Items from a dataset
▬▬▬

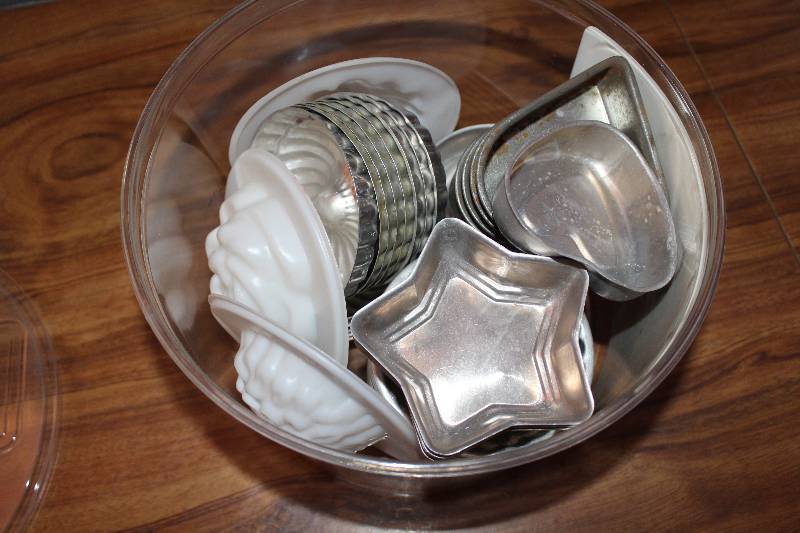 lot 8206 image: Assortment of Baking Molds- Have Some Fun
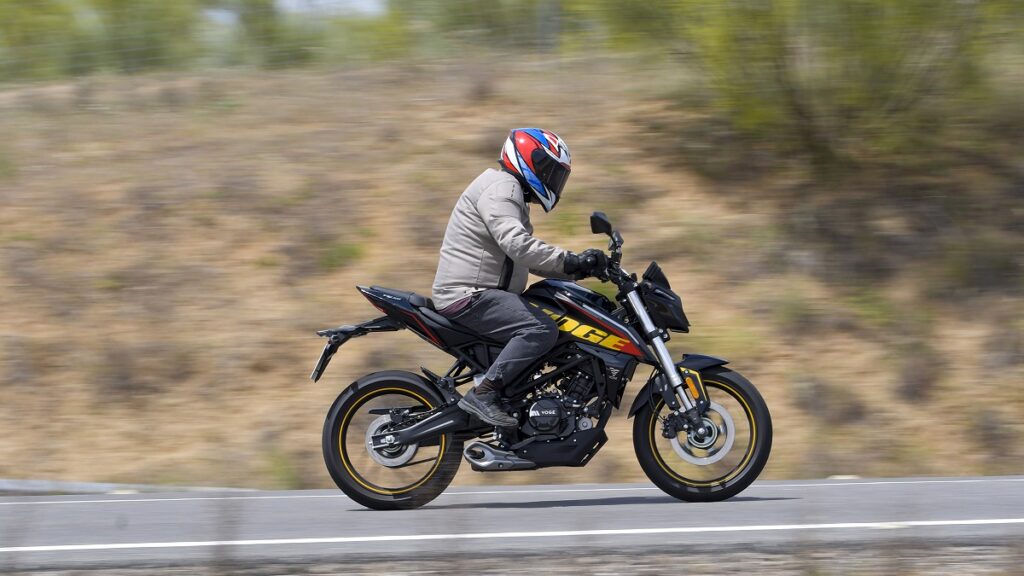 Prueba Voge 125R: Auténtica "R" a precio de moto “básica” 15 VOGE 125R accion 4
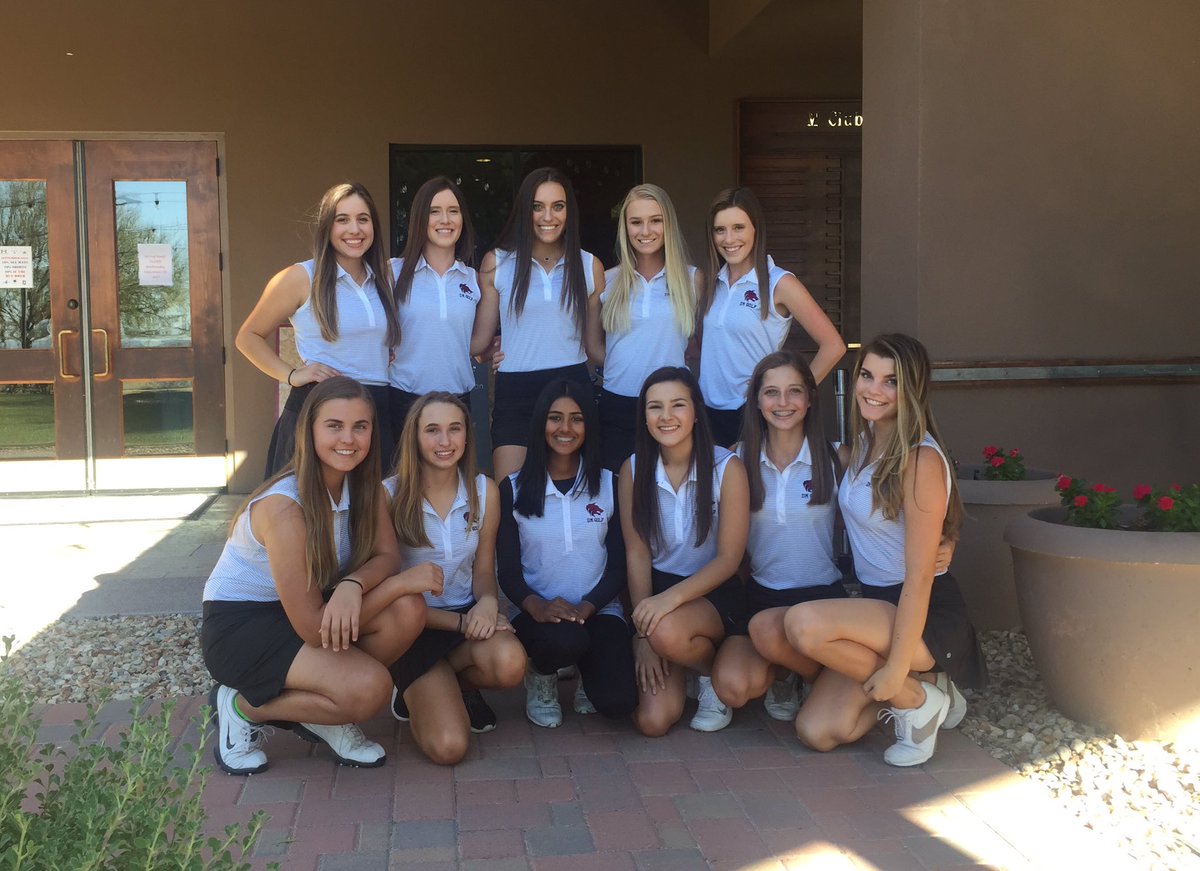 dmhsgolf1718's tweet photo. Picture day for the 2017-18 Girls' Golf Team ! ⛳️ #DMHSGolf https://t.co/eNsDRzyngH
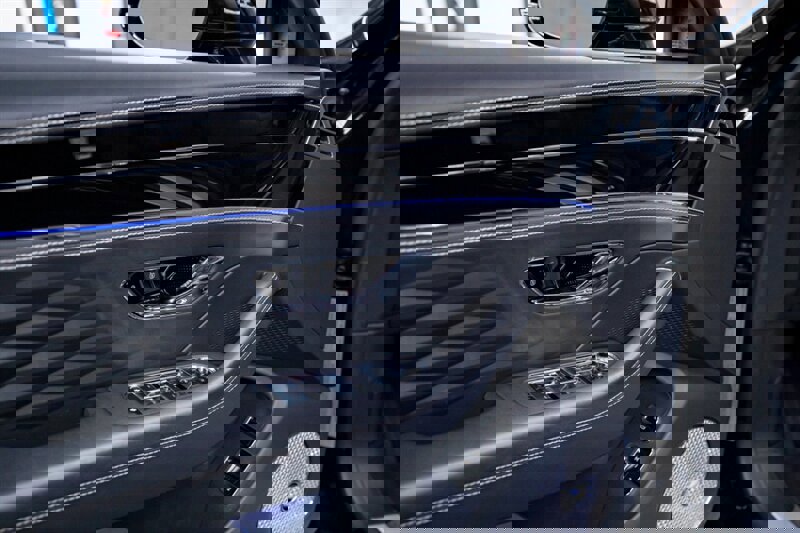 Used 2022 Bentley Flying Spur W12 image 38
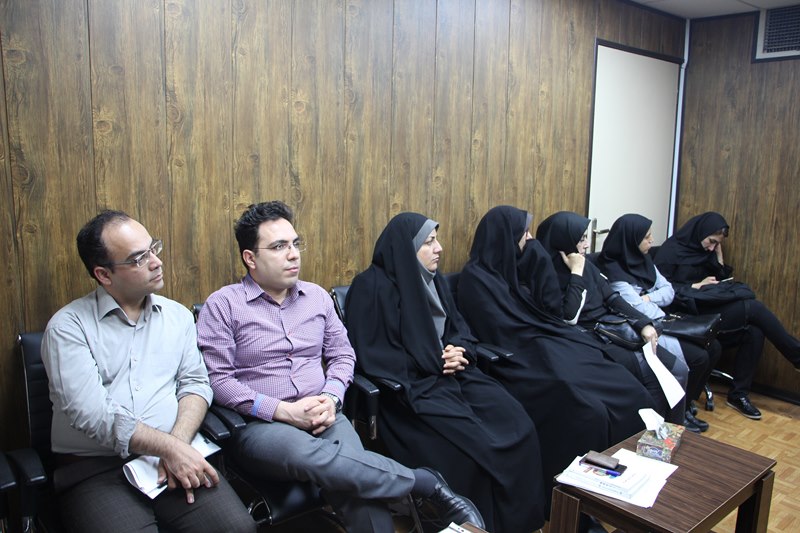 کارگاه دانش افزایی استادان با موضوع تفسیر قرآن ویژه ماه مبارک رمضان در دانشکده پیراپزشکی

▬▬▬

**ASSIGNMENT**.
Give back the lines from the one containing "Used 2022 Bentley Flying Spur W12 image 38" through the last line of the records above exactly as they appear, both included, and no pictures.

**RESPONSE TO THIS EXERCISE**.
 Used 2022 Bentley Flying Spur W12 image 38
 کارگاه دانش افزایی استادان با موضوع تفسیر قرآن ویژه ماه مبارک رمضان در دانشکده پیراپزشکی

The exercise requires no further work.